This is number four of eight posts where I discuss some of the things that I talked about at the 2010 Learning and Teaching Scotland Outdoor learning Regional Events
Bing Maps and Google Earth have a massive amount of potential to compliment and develop the outdoor learning experience.
I’m not saying that we should be using virtual worlds like these replace children going outside. Quite the opposite, I am saying that we should use free resources like this to compliment the outdoor experience.
There are lots of examples of how these two resources can be used but the ones I mentioned during the Learning and Teaching Scotland Outdoor Learning Regional Events were:
1) Use the real time weather layer in Google Earth of Bing Map Weather App to help encourage children to forecast the weather but also to plan with the children in the build up to your outdoor learning experience.
2) Use the Google Earth Webcam layer or the Bing Maps Webcam App to visit places in advance of your fieldtrip. Or use these layers to visit a place that you are unlikely to be able to visit with a class (eg: Antarctica) and then compare them to a local area that you have visited.
3) Use the Google Earth Ruler tools to measure distance, scale and orientation. Compare what you measure virtually to something that you have really measured in real life. In the UK Farm field size is a great example of this. Get the children to use Google Earth to measure the field sizes in different countries (eg: they are normally quite surprised when they measure the fields of southern Alberta in Canada) and then in small groups go out and measure a field near the school. Just think about what you can do with all this data.
4) You can also use Google Earth and Bing Maps to show an area that you are going to visit to parents before you actually take a group of children there. I recently did this with the parents of the young people that I am taking to Alaska this summer. An equally valuable use of this type of resource is to virtually visit these places after your outdoor experience to help children reflect on their experience and their learning.
5) Finally, along the same sort of theme it is great to use tools like the Bing World Wide Telescope App to compare the stars in the sky that you have seen to the stars in the sky in a different part of the world.

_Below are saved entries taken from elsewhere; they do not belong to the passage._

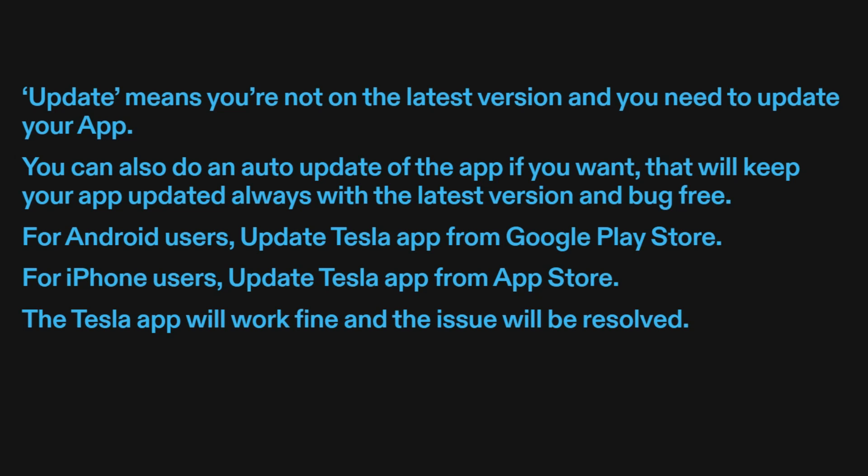For Android users, update the Tesla app from the Google Play Store. For iPhone users, update the Tesla app from the App Store. The Tesla app will work fine and the issue will be resolved.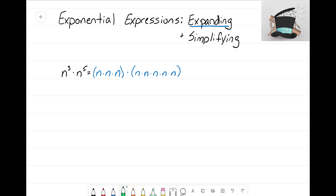Now the next step is to see if we can simplify this expression to make it look cleaner. Looking here, I just see n times n times n times n times n times n times n — repeated multiplication. I think what we can do is combine these terms back into a single exponential expression. How many n's do you see? I see one, two, three, four, five, six, seven, eight.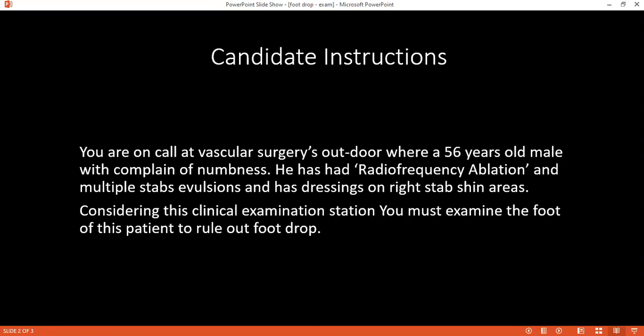For investigations, I want to do an electromyography, which will help confirm the diagnosis. I would also do an MRI of the knee joint and also the ankle joint. For his age, I also want to rule out diabetes and any metabolic disease, so I'll do a random blood sugar.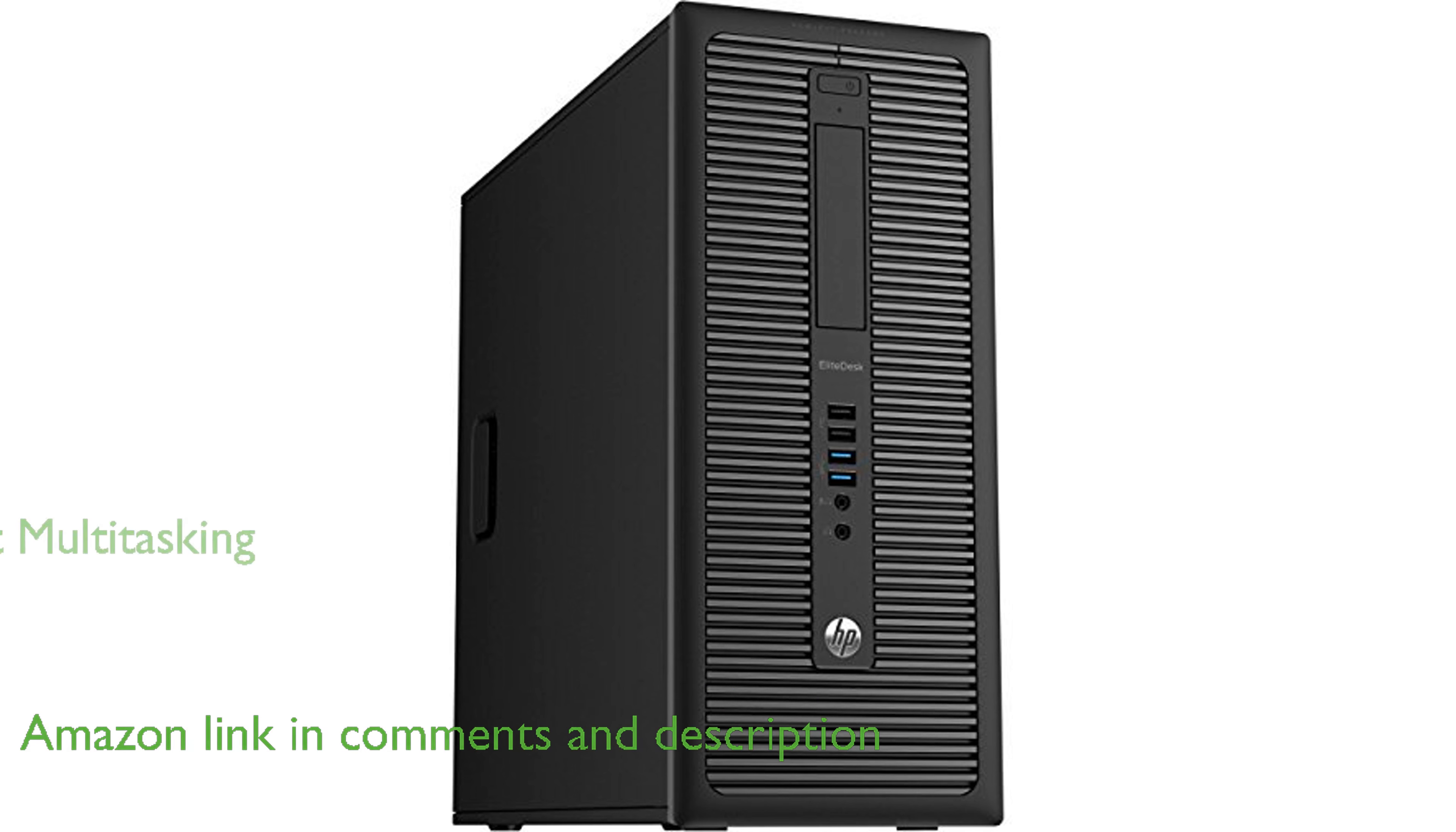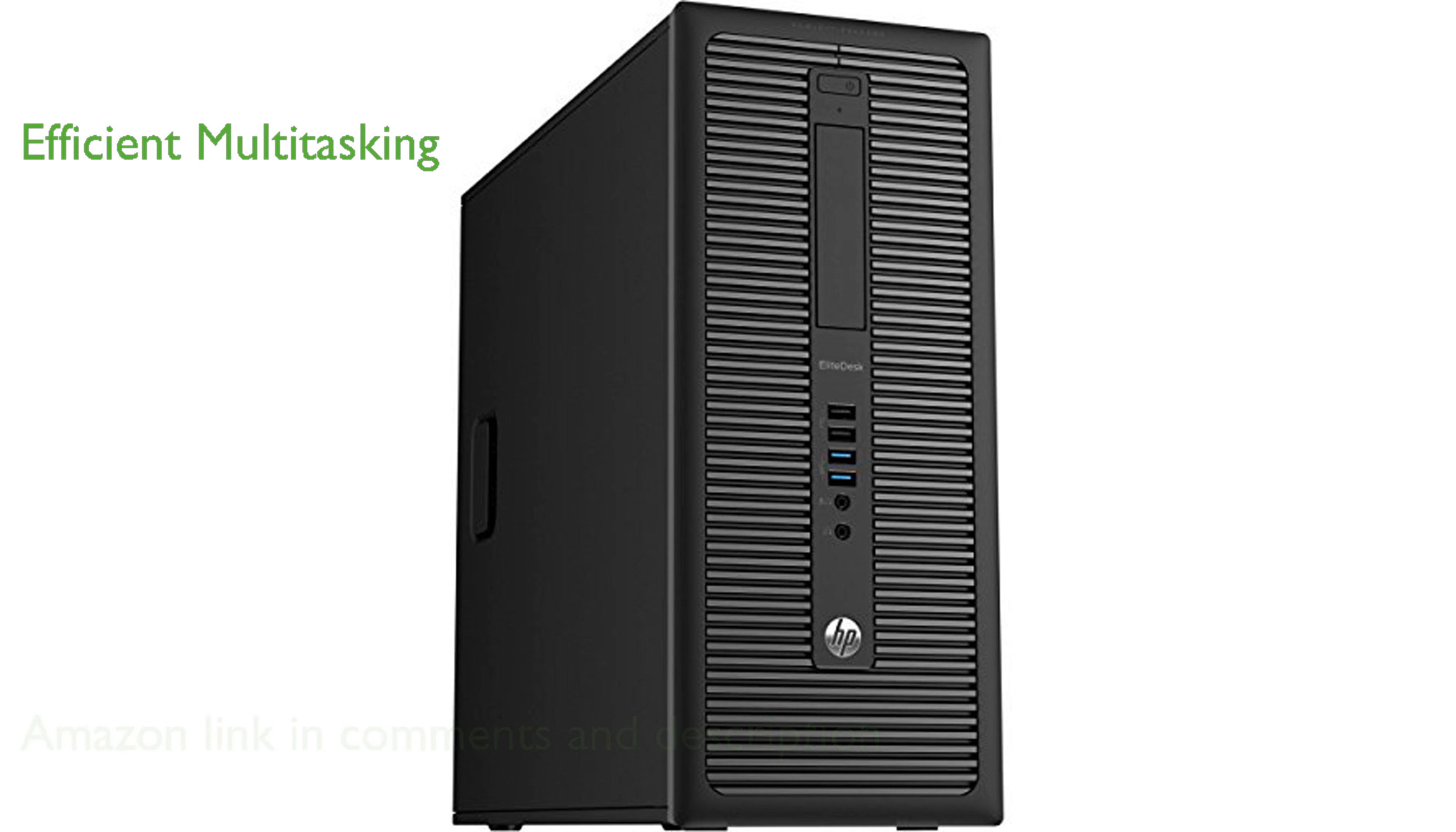With 8GB of RAM, this desktop can handle multiple applications simultaneously, making it ideal for multitasking in a busy work environment.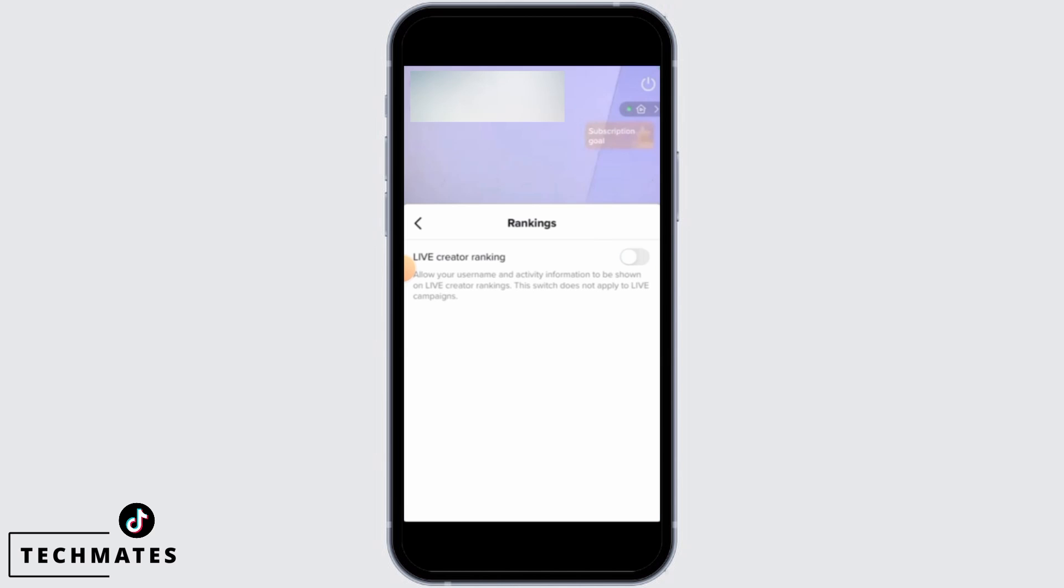And once you do that, you have successfully turned off the rankings on TikTok live stream.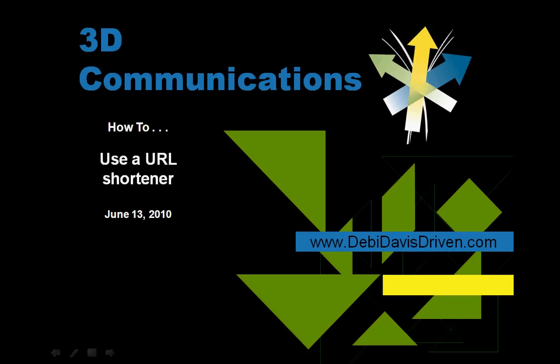Hi, I'm Debbie Davis with 3D Communications, and I'm going to demonstrate how to use a URL shortener.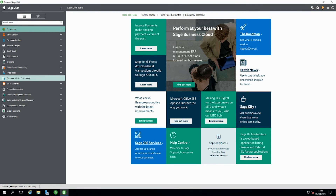Thank you for watching our video today on how to change company within Sage 200 and also how to set the colour and the name on each of the forms within the program. Please like the video if you enjoy the content and subscribe. You can also check out our website for more details. Thank you.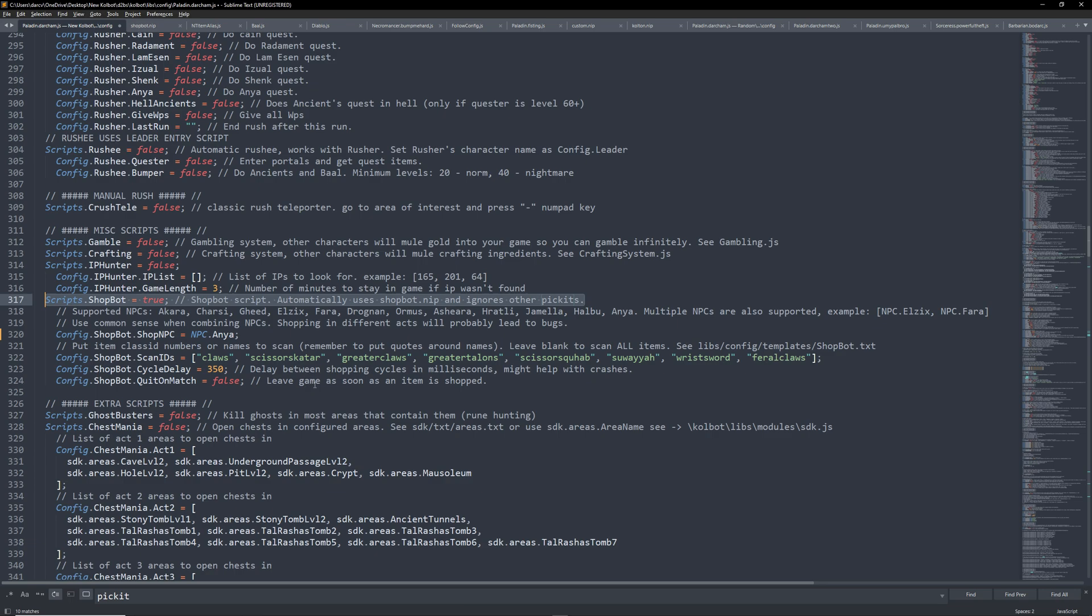Find the ShopBot config and edit it to true. Next, we can choose our NPC to ShopBot with. In this case, I will leave Anya, but you can choose Ormus, Pharah, etc.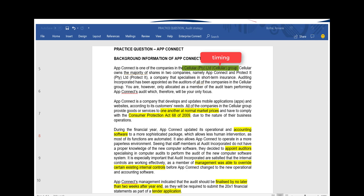Looking at the second paragraph of the case, we identified related party transactions taking place between the companies. These are relevant, but not to the audit strategy — related party transactions are more detailed and will affect your audit plan, not the audit strategy's big picture. However, the same paragraph mentions that AppConnect must comply with the Consumer Protection Act. This is relevant to the audit strategy as it will affect your scope — you as an auditor need a general understanding of these regulations.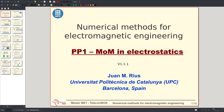Our first practical project, number one, is about a very simple programming of the method of moments to solve the simplest possible problem. The simplest possible problem is the electrostatics case because it is a scalar problem and it allows us to address the 3D case without the complications of the electrodynamics formulation.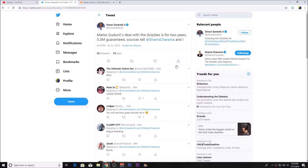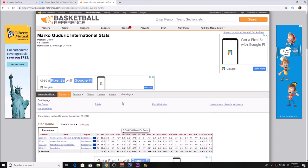What's up guys, it's Ty here. As you can see, Marco Gudurich's deal with the Grizzlies is for two years, $5.3 million guaranteed. Marco Gudurich - I wish they would have told me how to say it.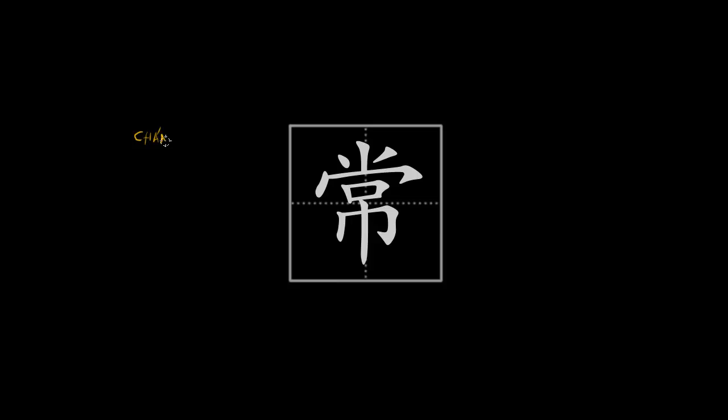Hello everyone and welcome to my next presentation on Chinese characters. This one will be about the Chinese character Chang.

Here is a topical example:
i) Pick a place on the earth
ii) See what the stars would look like above your head and explore the sky




All good examples, good work
Posted by: John McLear | June 18, 2010 at 07:07 PM
Hi! I have to suggest a little extension of the Google Earth Ruler. I love this tool, because even as someone as technically naive as myself gets it! If you measure something like the perimeter of a playing field or school boundary, you can have all sorts of interesting comparisons with standard and non-standard measuring units.
My favourite is to challenge children to workout the average armspan within their group or even class. The group then starts in a corner, makes a circle by joining hands and starts "rolling" along the perimeter or boundary. It's a bit like a massive human trundle wheel to measure longer distances. The reason I do this is to integrate teamwork, problem solving and data collection into the fieldwork / ICT activity.
Once this is undertaken, children understand that measurements can be undertaken creatively and this can help us in our quest for accuracy.
Posted by: Juliet Robertson | June 19, 2010 at 09:10 AM
Absolutely! – I also sometimes play on the idea of Smoots by getting children to make up their own measuring unit. Gets us talking about why a ‘cm’ is ‘cm’ in the first place and why a ‘naughtcal mile’ is longer than ‘a mile’. My favorite unit of measurement was ‘Dunbar Grammar School ties’ it was going to take the class ages to measure until the tied them all together!